Of course, West Chester thought it was being realistic the year before, when the Rams, fresh off a Pennsylvania State Athletic Conference championship game victory, gathered with the expectation that their names would be called. WCU ended up missing out on a South Region spot, despite conquering the South Regions most difficult division.

At the time, WCU coach Ginny Martino told the West Chester Daily Local: “Not being selected was a blow. We didn’t see it coming.”

Dowling took a walk in West Chester’s shoes this year. The Golden Lions won the East Coast Conference tournament by handing two-time defending NCAA champion LIU Post its first loss in two years. But the victory ended up as Dowling’s season finale.

Like Grand Valley State, Rocky Mountain Athletic Conference champion Regis had few realistic reasons to be hopeful on Selection Sunday, despite an impressive resume. There simply weren’t enough spots in the eight-team tournament for the 14-3 Rangers to have a chance. Similarly, Philadelphia University lost just one game (to NCAA champion Adelphi), but the 17-1 Rams also could not have realistically expected to be dancing, despite their Central Atlantic Collegiate Conference championship.

Those are just the examples of conference champions being left out. Florida Southern, Le Moyne and Mercyhurst all had legitimate NCAA cases. But right now in Division II, there are more playoff teams than playoff spots.

That means for a team like Mercyhurst, which reached the PSAC title game, one non-league loss can sink an entire season, which can be tough on a student-athlete. Still, Mercyhurst captain Becca Himes was able to keep it in perspective.

“The pressure is definitely always on as we realize that losing one game puts us steps away from getting into the tournament,” Himes said. “Despite that, it has mostly positive impacts on the team. It fuels our fire in every practice and game to perform our very best, knowing what is at stake. We all understand the importance of winning to get to the NCAA tournament and know we can do it. It does have its drawbacks, as it definitely adds pressure and anxiety as we prepare for our upcoming season, but once we are in our season, we do an excellent job of focusing on winning and preparing for each and every game to the best of our ability.”

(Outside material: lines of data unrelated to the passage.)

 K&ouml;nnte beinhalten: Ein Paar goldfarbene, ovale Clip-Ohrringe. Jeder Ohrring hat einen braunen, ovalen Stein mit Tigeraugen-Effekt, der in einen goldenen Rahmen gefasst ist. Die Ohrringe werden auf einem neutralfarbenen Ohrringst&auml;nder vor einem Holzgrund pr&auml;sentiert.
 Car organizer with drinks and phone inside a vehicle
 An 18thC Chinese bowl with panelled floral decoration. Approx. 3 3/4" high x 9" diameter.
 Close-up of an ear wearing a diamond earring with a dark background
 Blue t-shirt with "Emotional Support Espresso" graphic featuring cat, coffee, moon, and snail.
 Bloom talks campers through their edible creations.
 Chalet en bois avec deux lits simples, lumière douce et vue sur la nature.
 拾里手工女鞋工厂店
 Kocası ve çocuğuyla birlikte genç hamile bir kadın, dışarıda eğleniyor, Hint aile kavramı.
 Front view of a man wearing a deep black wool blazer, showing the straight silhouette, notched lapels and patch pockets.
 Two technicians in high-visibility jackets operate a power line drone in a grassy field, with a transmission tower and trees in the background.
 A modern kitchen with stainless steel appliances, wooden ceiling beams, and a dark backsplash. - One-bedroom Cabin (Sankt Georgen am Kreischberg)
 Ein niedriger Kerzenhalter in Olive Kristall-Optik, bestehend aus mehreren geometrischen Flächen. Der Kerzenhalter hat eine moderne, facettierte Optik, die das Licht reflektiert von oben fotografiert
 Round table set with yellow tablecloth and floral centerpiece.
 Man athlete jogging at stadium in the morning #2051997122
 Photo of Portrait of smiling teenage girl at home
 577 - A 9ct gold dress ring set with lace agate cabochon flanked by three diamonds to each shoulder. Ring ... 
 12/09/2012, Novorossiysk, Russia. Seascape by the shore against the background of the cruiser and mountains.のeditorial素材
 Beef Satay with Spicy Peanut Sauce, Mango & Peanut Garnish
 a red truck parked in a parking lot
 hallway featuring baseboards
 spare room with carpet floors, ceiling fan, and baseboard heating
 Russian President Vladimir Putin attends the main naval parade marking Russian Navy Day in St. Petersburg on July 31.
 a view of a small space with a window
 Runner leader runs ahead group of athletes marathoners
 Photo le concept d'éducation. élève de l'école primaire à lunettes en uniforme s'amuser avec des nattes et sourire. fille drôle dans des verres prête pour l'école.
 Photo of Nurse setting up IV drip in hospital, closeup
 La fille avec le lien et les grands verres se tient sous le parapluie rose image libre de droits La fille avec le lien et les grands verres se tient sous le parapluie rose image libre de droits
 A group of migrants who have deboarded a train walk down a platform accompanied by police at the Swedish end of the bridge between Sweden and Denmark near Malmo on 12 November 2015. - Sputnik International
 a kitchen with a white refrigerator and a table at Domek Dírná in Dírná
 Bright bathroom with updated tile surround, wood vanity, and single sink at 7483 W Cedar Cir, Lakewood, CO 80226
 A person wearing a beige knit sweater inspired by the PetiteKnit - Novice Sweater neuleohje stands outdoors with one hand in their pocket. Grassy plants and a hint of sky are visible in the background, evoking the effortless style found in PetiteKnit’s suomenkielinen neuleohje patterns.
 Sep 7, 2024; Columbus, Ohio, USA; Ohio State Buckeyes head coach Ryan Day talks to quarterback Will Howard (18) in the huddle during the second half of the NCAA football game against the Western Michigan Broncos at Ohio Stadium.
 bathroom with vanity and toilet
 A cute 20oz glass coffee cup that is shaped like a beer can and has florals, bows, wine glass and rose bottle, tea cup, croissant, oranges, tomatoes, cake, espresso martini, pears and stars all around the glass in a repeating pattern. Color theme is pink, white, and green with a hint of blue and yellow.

Several coaches have compared it to the BCS, and it makes every game -- from those played after no outdoor practices on snow-lined fields in February to the conference tournaments in May -- matter. But when compared with the numbers across other levels of lacrosse and other Division II sports, it is clear that eight is not enough.

“The Numbers Speak For Themselves”

The size of Division II women’s lacrosse is rapidly catching up to that of Division I, but, as the data below shows, the bracket has not grown to reflect it:

Championship Opportunity Comparison for NCAA Women's Lacrosse from the 2014 Season


2014 Bracket Size

No. of Teams*

Bracket to team Ratio

NCAA Participation Percentage

Division I





Division II





Division III





*According to 2014 Women's Lacrosse Pre-Championship Manuals

A quarter of Division I teams reached the NCAA tournament this year. Less than one out 10 made it in WD2. For comparison on a smaller scale, the ACC sent seven teams to the WD2 tournament this year. The PSAC, basically the ACC of Division II, sent only Lock Haven.

“Playing in the PSAC is a great honor and experience knowing that you play in the toughest top to bottom conference in the country,” said Mercyhurst coach Cecil Pilson. “However, it is tough knowing that if you lose one or two games, then your team's hopes of making the NCAA Tournament are over. The downside is that some of the top teams in the country are not rewarded for playing strong schedules and/or having a great season. It is hard to comprehend why Division II women's lacrosse student-athletes are not given the same access as their peers at Division I or even Division III institutions. Ultimately, every season has its ebbs and flows and you have to earn the opportunity to play in the NCAA Tournament regardless of the bracket size.”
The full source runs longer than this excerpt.